Maar de derde groep kwam regelrecht uit het paradijs. De zeer geweldige juf had haar 5- en 6-jarige kinderen al van alles voorgelezen: ANNA MARIA SOFIA EN DE KLEINE COR, DOM KONIJN en vooral ROOD ROOD ROODKAPJE. Boeken die ikzelf zelden gebruik voor deze leeftijd, omdat ze me te moeilijk of te cru lijken. Niks van aan. De kinderen waren wild van vooral ROOD ROOD ROODKAPJE. 'Ahhhh,' riepen ze, 'dat TSCHAKKK op het einde was zoooooooo grappig!' (Voor wie het niet weet: het boek eindigt met Roodkapje die met een bijl zowel de wolf alsook de grootmoeder-in-de-wolf blijkt te hebben onthoofd. Tschakkk.)
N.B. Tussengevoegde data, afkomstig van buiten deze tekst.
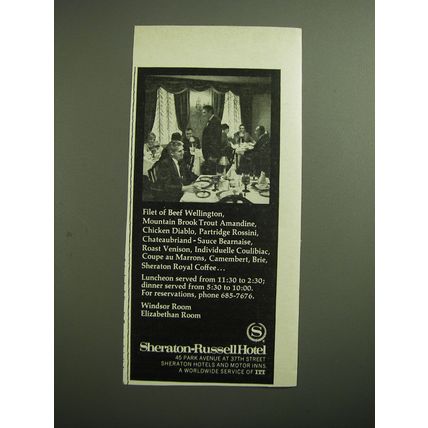 1970 Sheraton-Russell Hotel Ad - Filet of Beef Wellington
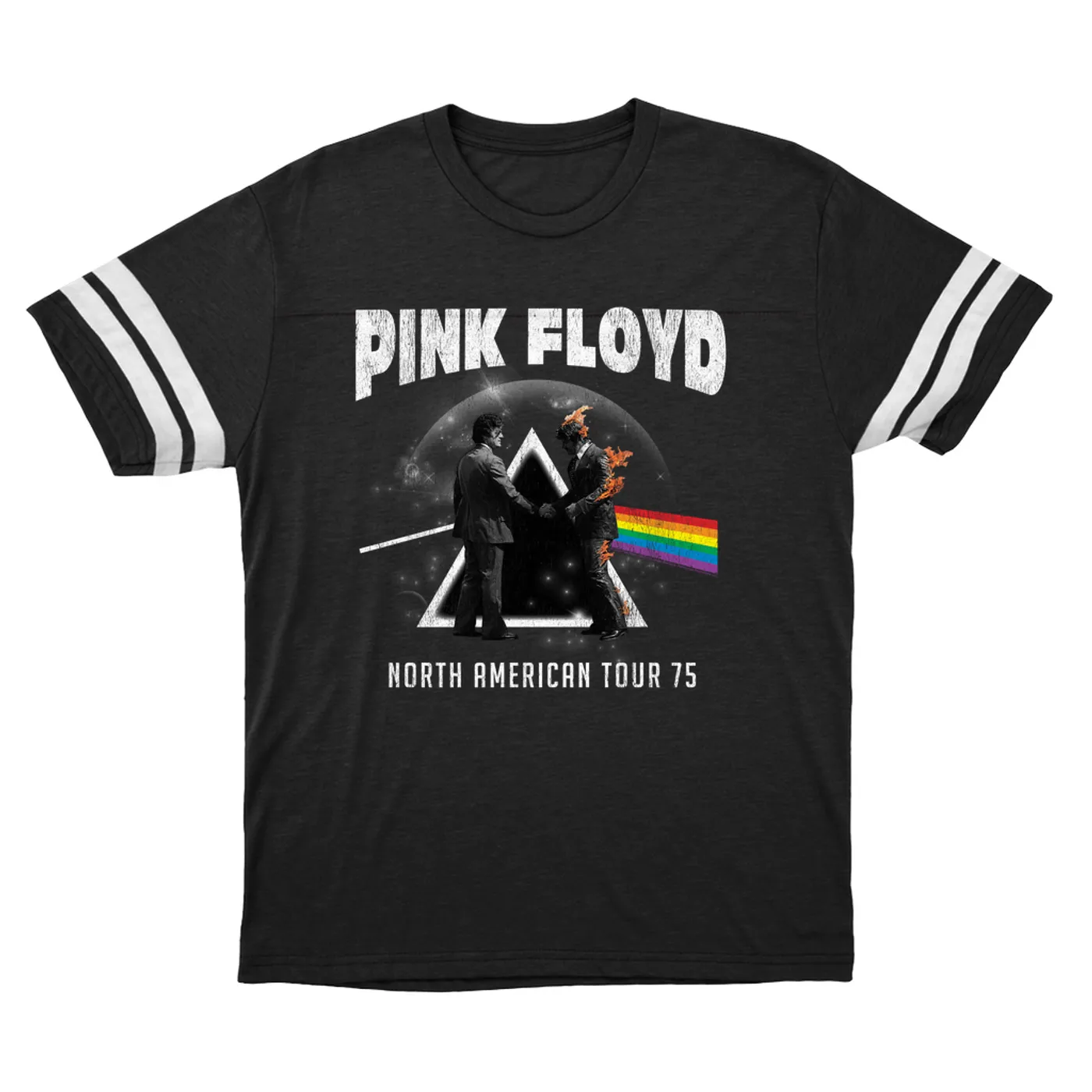 Pink Floyd T-Shirt | 1975 North American Tour Design Distressed Pink Floyd Football Shirt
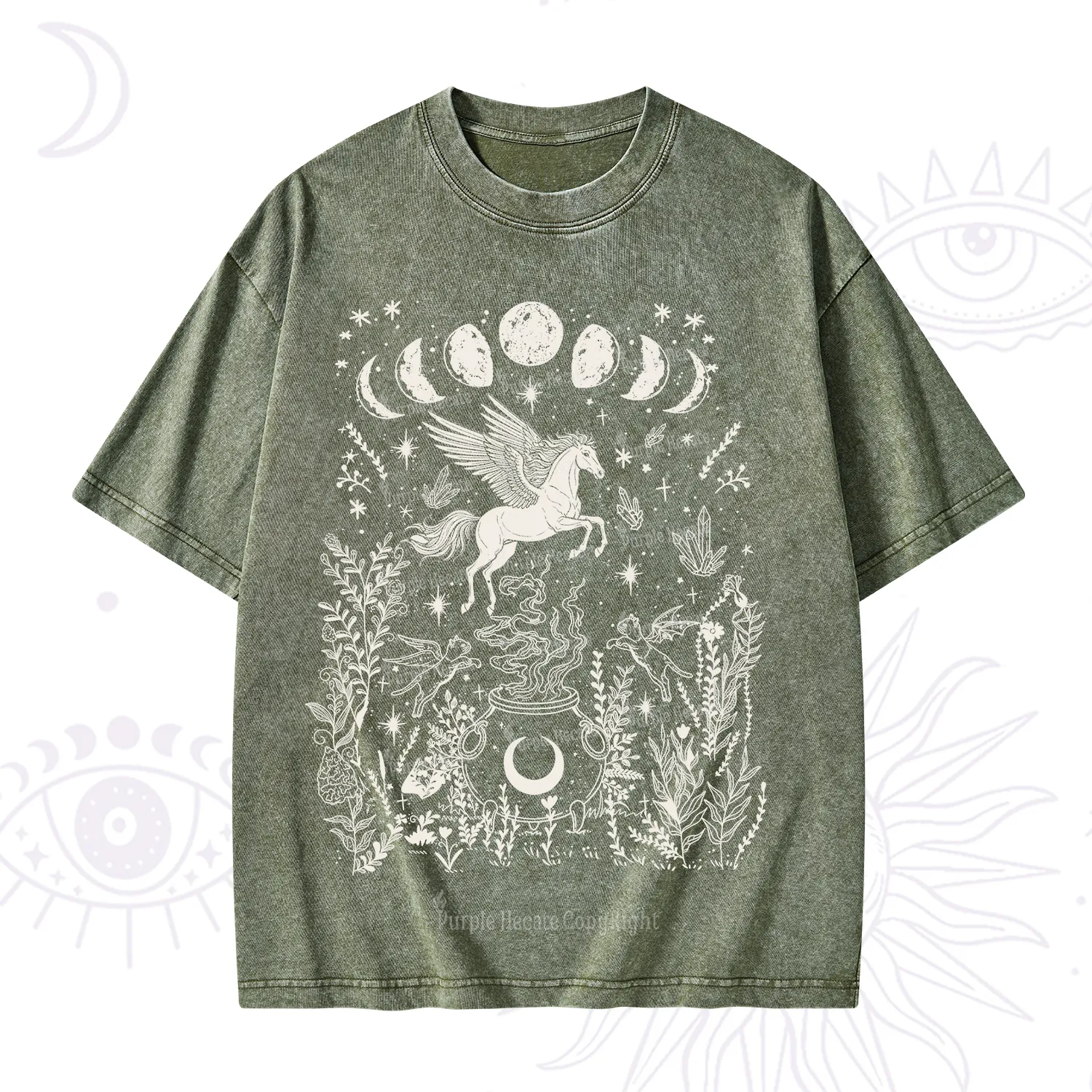 Purplehecate Celestial Pegasus Washed T-Shirt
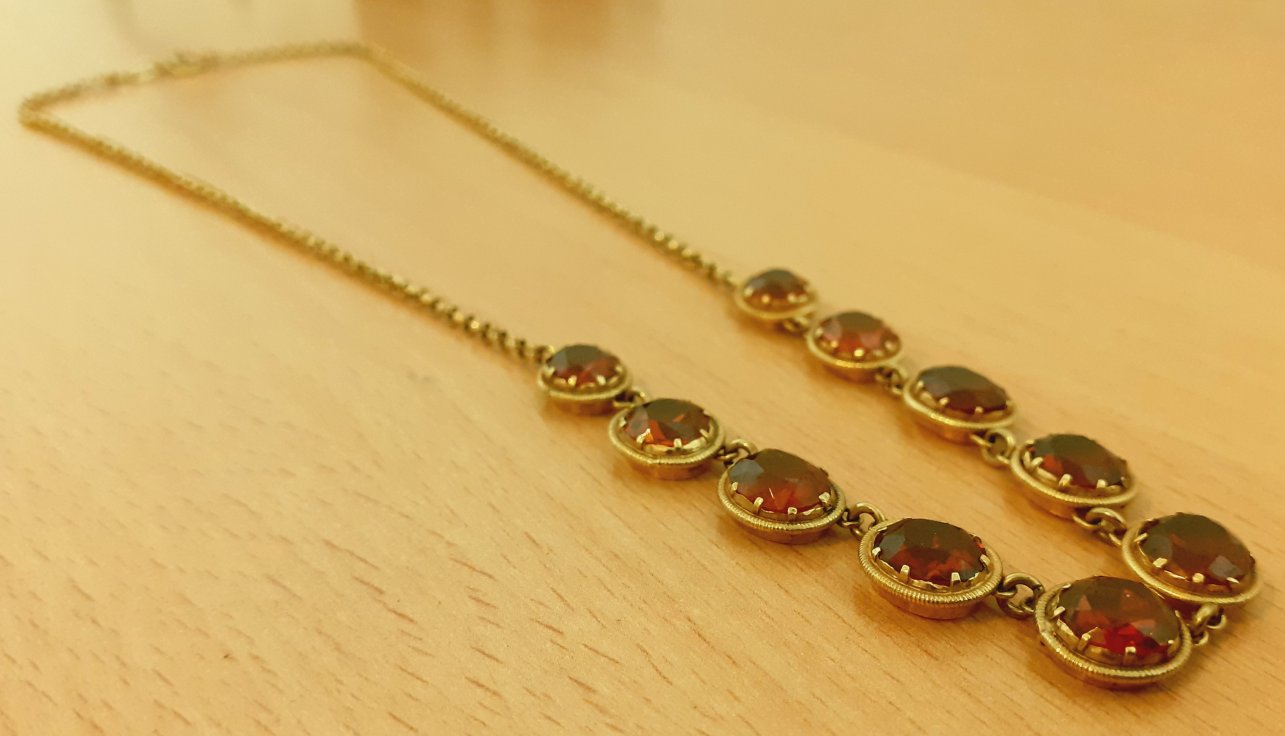 Gold 333 Collier Steine orangerot ca. 11,91g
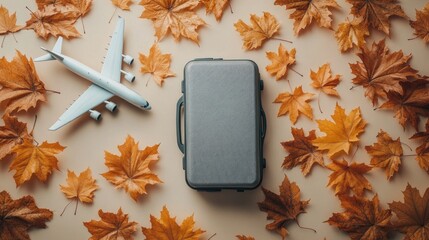 Autumn travel concept with airplane and suitcase surrounded by colorful fall leaves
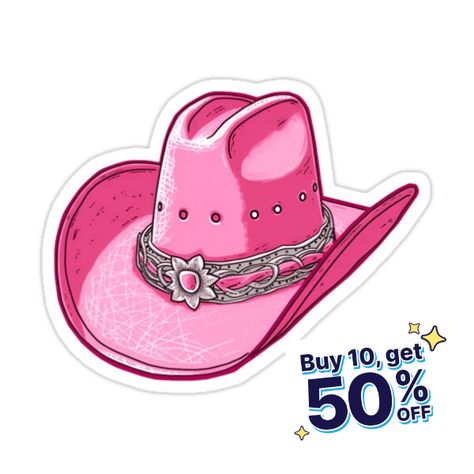 Decorate laptops, Hydro Flasks, cars and more with removable kiss-cut, vinyl decal stickers. Glossy, matte, and transparent options in various sizes. Super durable and water-resistant. This delightful sticker showcases a pink cowgirl hat, blooming with Western charm and rodeo culture. Embrace the spirit of the Wild West with a touch of feminine flair in this whimsical piece. Western Stickers, Pink Cowgirl Hat, Rodeo Chic, Sticker Design Inspiration, Pink Cowgirl, Rodeo Fashion, Cowgirl Hat, The Wild West, Whimsical Illustration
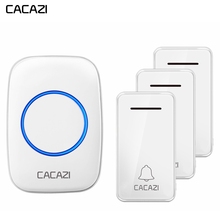 CACAZI Self-powered Wireless Doorbell No battery 3 Button 1 Receiver led light US EU UK Plug Home smart cordless doorbell chime 2024 - buy cheap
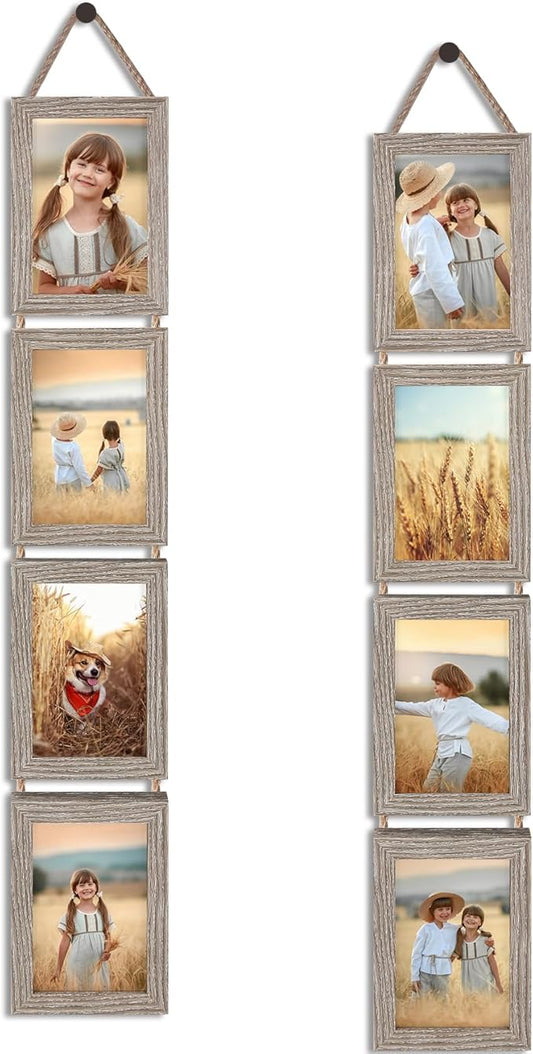 QUTREY 4x6 Hanging Picture Frames Collage Set of 2, 4 Openings 4 x 6 Photo Frames for Vertical 4 by 6 inch Pictures for Wa...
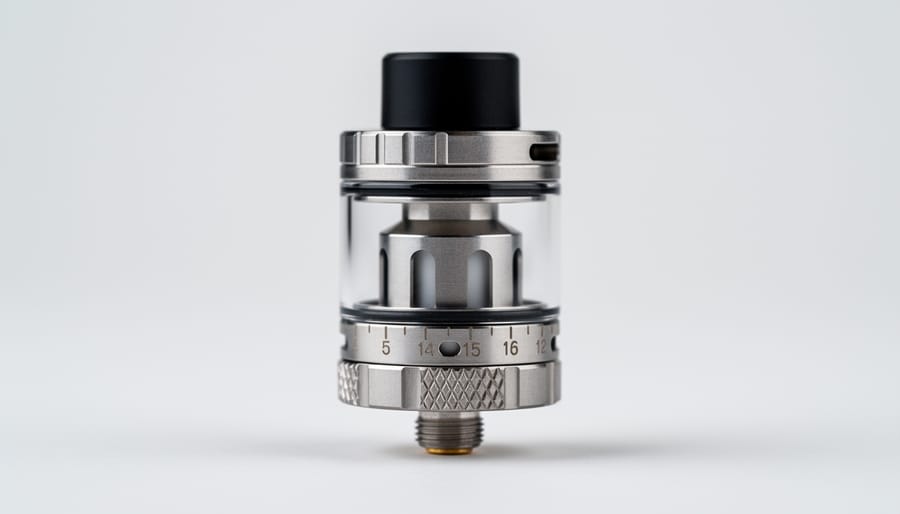 Close view of an advanced atomizer showing an adjustable airflow ring and vaping hardware in use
Het was een model-multicultureel groepje met springveer- en schitteroog-jongens en meisjes. Ik begon met te vertellen dat ik niet uit Frankrijk kwam en dus mijn boeken niet in het Frans schreef. In welke taal dan wel? De klas begon te raden. Grieks? Italiaans? Algerijns? Bulgaars? (Eerlijk waar, die talen werden genoemd). Eén jongetje, het levendigste, sprong op en riep: Le Gitan? Het 'Zigeuners'? Hij hoopte het van harte, omdat hij, zei hij, zelf een Gitan was.
Ik moest hem teleurstellen, ik schrijf mijn boeken niet in het Zigeuners.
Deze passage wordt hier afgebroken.